◆ Task details ◆
Once you reach the line that holds "Joint Arthroplasty Systems, Methods, and" in the listing below, output it and every line after it through the line that holds "হাম উপসর্গে আরও ৮ শিশুর মৃত্যু", word for word.

◆ Provided material ◆
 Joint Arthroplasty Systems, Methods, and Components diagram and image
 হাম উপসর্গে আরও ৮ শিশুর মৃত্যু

* * *

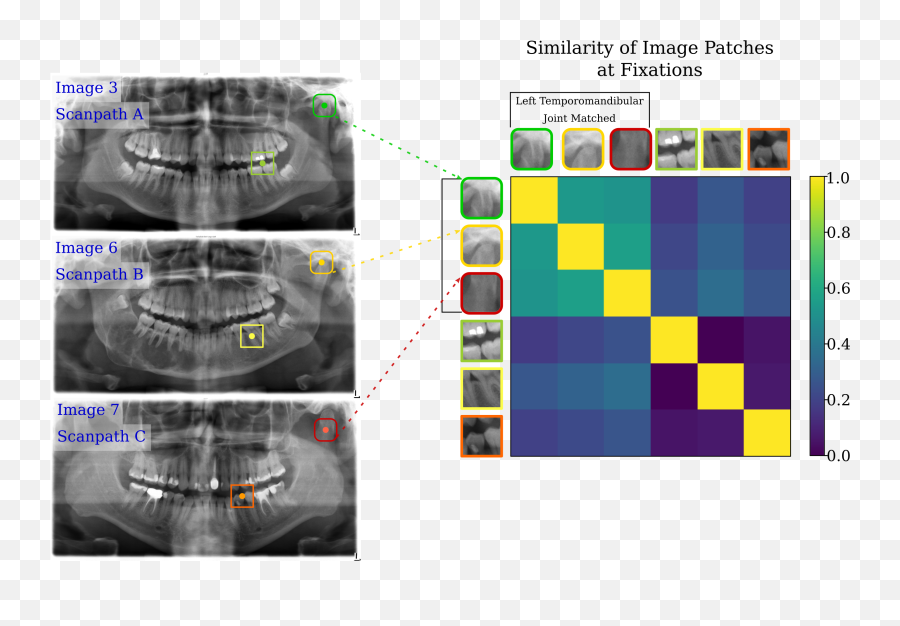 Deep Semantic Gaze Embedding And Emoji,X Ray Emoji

==

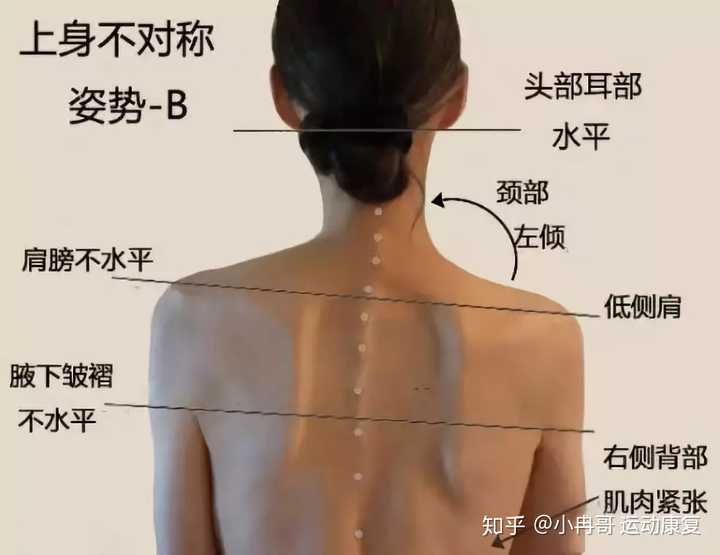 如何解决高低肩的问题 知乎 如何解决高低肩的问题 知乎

◆ Answer to the problem ◆
 Joint Arthroplasty Systems, Methods, and Components diagram and image
 হাম উপসর্গে আরও ৮ শিশুর মৃত্যু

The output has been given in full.